Certain life events such as loss of a loved one, divorce, and unemployment are important ‘stressors’ and may have effects on mental health but it is important not to ‘medicalize’ these stressors to mean one has PTSD.
How Common is PTSD?
According to the National Center for PTSD, about half of all women and 60 percent of all men will experience trauma at some point in their lives. Although, not everyone who experienced a traumatic event will have PTSD.
Prevalence rates vary from country to country. In a study done by the World Health Organisation which collated data from 27 countries, the estimated lifetime PTSD prevalence ranged from 0.3% in China to 6.1% in New Zealand. In the United States, lifetime prevalence among adults was roughly 8%.
Some risk factors include;
Individuals in any of these groups have a higher chance of having PTSD at least once in their lifetime;
- Refugees and asylum seekers
- First responders – eg, police, ambulance personnel
- A history of previous psychiatric disorders
- Females are two times more likely to develop PTSD than men
- Approximately 1-2% of women have PTSD after giving birth
- Exposure to the traumatic event: This can be direct exposure, witnessing the event occurring, or learning that it occurred to a family or friend
- Constantly re-experiencing the event: This can be in the form of intrusive thoughts, nightmares, persistent involuntary memories, flashbacks, and intense emotional response to reminders or triggers.
- Avoidance: Avoiding thoughts, feelings, places, people, or conversations associated with the event
- Change in perception and mood: Difficulty in remembering certain aspects of the trauma, believing negative things about oneself, feelings of detachment, inability to experience positive emotions, blaming oneself for the trauma.
- Increased arousal or reactivity: These include; Irritability, problems with sleep or concentration, increased vigilance for potential danger, reckless or self-destructive behavior.
Do note that PTSD can only be diagnosed after one month of a traumatic incident.
PTSD is not just a medical issue but a social and political issue. We cannot completely prevent risk and unpleasant events, they are bound to happen at any time, to anyone. However, here are a few things that can help.
- Having a strong support system; Have a network of people you can rely on, be it your parents, partner, friends, or siblings.
- Be open to therapy; Speaking to a trained therapist will be very beneficial in your journey to recovery. You have access to a wide array of doctors, psychiatrists, and psychologists on Doktorconnect
- Talk about the events; When you experience these emotions, talk about them with those in your support network. The more you talk about these events, the less power they have over you and the easier the journey to recovery is.
- Allow yourself to grieve; Grieving is a normal response to loss. It can vary from sadness, hurt, or anger. Realize that these are normal feelings and that it may take time to go through the stages of grief.

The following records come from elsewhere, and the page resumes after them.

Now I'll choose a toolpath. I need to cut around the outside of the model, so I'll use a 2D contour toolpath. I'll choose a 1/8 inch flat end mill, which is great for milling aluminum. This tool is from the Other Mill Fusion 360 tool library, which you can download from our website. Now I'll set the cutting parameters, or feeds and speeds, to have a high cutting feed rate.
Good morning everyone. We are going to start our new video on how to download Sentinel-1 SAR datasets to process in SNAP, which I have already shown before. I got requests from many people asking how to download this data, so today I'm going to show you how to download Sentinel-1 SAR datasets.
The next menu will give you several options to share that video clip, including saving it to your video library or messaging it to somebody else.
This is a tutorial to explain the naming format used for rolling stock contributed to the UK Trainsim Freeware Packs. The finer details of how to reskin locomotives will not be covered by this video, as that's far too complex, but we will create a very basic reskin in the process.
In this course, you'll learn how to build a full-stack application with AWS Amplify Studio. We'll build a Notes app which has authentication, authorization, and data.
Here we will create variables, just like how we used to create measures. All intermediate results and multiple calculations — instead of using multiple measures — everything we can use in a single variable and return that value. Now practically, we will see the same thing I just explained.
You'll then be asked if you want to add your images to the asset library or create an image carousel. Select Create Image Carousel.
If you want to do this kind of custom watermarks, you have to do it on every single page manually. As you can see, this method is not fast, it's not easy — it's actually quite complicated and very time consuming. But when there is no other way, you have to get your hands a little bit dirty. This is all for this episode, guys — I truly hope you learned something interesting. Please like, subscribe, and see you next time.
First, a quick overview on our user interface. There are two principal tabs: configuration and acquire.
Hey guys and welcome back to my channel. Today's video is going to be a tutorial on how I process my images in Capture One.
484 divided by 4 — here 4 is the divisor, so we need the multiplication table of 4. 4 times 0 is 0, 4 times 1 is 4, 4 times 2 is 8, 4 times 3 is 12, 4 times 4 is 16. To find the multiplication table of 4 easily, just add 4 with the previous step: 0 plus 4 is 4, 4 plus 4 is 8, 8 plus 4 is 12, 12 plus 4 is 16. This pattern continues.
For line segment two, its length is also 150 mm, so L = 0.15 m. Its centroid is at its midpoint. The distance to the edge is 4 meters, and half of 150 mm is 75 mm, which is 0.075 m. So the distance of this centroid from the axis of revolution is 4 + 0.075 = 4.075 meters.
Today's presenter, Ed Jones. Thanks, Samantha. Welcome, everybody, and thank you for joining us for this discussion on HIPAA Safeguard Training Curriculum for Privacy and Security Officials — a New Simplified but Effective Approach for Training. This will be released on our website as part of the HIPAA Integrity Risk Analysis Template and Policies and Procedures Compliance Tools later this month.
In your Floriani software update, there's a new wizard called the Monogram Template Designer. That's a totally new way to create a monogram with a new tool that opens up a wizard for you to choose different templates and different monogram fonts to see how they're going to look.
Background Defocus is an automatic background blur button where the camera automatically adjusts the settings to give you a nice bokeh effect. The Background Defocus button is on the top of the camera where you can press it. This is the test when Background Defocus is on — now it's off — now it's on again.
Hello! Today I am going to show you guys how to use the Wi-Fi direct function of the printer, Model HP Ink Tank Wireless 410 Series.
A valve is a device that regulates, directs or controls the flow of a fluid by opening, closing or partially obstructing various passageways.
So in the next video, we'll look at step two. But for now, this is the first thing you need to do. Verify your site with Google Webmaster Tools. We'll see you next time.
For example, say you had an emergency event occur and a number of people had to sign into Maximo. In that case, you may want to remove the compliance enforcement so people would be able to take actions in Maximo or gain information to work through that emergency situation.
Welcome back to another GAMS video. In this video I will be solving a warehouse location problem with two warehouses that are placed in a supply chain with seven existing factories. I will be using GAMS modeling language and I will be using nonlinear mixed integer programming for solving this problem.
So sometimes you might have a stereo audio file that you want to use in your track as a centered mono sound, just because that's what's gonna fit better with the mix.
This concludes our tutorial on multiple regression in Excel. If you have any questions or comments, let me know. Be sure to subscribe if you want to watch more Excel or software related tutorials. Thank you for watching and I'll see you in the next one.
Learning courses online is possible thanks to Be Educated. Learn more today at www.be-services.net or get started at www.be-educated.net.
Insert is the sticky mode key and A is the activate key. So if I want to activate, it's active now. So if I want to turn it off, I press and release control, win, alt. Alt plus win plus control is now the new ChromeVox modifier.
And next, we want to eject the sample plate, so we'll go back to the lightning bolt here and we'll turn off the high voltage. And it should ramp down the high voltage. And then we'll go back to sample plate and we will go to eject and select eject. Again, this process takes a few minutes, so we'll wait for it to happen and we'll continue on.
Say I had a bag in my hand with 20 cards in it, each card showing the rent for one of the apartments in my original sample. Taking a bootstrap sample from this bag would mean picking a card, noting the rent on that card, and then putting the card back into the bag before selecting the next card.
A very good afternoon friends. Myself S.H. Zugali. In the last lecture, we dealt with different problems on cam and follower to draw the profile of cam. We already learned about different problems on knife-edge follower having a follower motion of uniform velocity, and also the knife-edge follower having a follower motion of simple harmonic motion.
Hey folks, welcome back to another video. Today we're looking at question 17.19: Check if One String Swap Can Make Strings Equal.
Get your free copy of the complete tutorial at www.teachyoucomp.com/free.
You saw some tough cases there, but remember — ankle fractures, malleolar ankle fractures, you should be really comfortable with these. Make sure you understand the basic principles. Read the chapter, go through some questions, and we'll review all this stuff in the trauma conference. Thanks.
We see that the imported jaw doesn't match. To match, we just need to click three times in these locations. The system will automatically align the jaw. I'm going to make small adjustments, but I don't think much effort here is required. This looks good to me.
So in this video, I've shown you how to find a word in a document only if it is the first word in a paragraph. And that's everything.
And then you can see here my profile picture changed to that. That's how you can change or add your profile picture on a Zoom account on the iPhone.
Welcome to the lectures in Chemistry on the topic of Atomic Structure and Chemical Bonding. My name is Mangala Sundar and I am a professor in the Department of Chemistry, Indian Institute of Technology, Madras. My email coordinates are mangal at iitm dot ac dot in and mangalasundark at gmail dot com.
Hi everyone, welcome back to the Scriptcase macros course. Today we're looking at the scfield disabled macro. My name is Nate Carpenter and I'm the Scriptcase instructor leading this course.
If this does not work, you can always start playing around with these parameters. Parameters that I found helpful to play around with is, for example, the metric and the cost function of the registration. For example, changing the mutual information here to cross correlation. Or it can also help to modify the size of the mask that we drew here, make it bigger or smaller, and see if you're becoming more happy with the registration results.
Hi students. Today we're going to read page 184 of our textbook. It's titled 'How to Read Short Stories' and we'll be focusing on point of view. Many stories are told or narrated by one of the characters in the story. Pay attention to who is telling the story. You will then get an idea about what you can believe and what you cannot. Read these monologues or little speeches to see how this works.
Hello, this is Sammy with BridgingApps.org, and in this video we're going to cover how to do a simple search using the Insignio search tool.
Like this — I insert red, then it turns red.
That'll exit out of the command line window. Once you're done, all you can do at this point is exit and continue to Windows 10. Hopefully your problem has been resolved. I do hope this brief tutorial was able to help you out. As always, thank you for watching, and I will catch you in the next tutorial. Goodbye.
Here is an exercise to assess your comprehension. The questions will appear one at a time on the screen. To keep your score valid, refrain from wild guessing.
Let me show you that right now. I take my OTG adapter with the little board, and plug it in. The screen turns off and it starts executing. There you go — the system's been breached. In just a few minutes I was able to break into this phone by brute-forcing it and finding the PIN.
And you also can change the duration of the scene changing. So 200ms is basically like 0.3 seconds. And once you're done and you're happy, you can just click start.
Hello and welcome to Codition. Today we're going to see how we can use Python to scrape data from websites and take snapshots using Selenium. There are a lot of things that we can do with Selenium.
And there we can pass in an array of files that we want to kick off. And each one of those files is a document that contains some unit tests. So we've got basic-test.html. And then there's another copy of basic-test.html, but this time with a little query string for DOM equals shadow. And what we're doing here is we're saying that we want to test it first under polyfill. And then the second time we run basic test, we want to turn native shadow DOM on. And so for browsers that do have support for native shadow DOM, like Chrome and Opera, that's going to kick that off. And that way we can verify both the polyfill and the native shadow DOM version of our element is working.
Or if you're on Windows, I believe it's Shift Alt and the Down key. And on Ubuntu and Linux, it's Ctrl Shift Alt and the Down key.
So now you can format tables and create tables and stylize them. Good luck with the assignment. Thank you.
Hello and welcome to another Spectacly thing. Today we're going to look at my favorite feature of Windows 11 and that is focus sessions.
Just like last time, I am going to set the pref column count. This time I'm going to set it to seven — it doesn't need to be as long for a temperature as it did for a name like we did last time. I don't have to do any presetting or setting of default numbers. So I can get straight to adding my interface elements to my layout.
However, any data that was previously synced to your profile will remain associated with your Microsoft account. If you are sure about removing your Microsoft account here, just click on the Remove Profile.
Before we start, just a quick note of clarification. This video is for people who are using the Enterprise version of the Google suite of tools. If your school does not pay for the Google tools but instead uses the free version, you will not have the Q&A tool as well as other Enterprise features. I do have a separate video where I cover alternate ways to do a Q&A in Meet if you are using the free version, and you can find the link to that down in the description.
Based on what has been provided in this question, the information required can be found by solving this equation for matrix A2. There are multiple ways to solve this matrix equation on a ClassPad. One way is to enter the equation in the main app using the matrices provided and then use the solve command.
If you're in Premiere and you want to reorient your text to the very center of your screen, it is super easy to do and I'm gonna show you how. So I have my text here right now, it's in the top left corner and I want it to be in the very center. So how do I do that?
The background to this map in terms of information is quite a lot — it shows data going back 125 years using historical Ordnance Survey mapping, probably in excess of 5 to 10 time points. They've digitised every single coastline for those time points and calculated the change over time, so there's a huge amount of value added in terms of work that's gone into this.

- Learn to recognize triggers– Recognize triggers that can cause you to remember the trauma. For example, a particular pattern of clothing or a smell. The more that you can recognize these triggers, the more you can overcome them. Think of yourself as a survivor, not a victim.
- Helping other people heal from a traumatic life event; be it through mentoring, writing a book or blog post, giving a listening ear can help you understand the trauma you experienced, which can also help you heal.
- Learn as much as you can about PTSD. Knowing how PTSD affects people may help you understand what your loved one is going through. The more you know, the better you can be of help to individuals with PTSD.
- Let your loved ones know you are ready to listen and that you also understand if it’s not the right time to talk. Remember, withdrawal can be a symptom of PTSD. So, give your loved one’s space if required while assuring them they can count on you.
- Attend doctor visits with your loved ones. You can also help keep track of medications and therapy they are currently on.
- Engage in pleasurable activities with them e.g. seeing a movie, exercising, taking a walk, etc.
You cannot give what you do not have. To provide sufficient care for someone, you need to take care of yourself. Take your health seriously, and speak with a doctor before an emergency.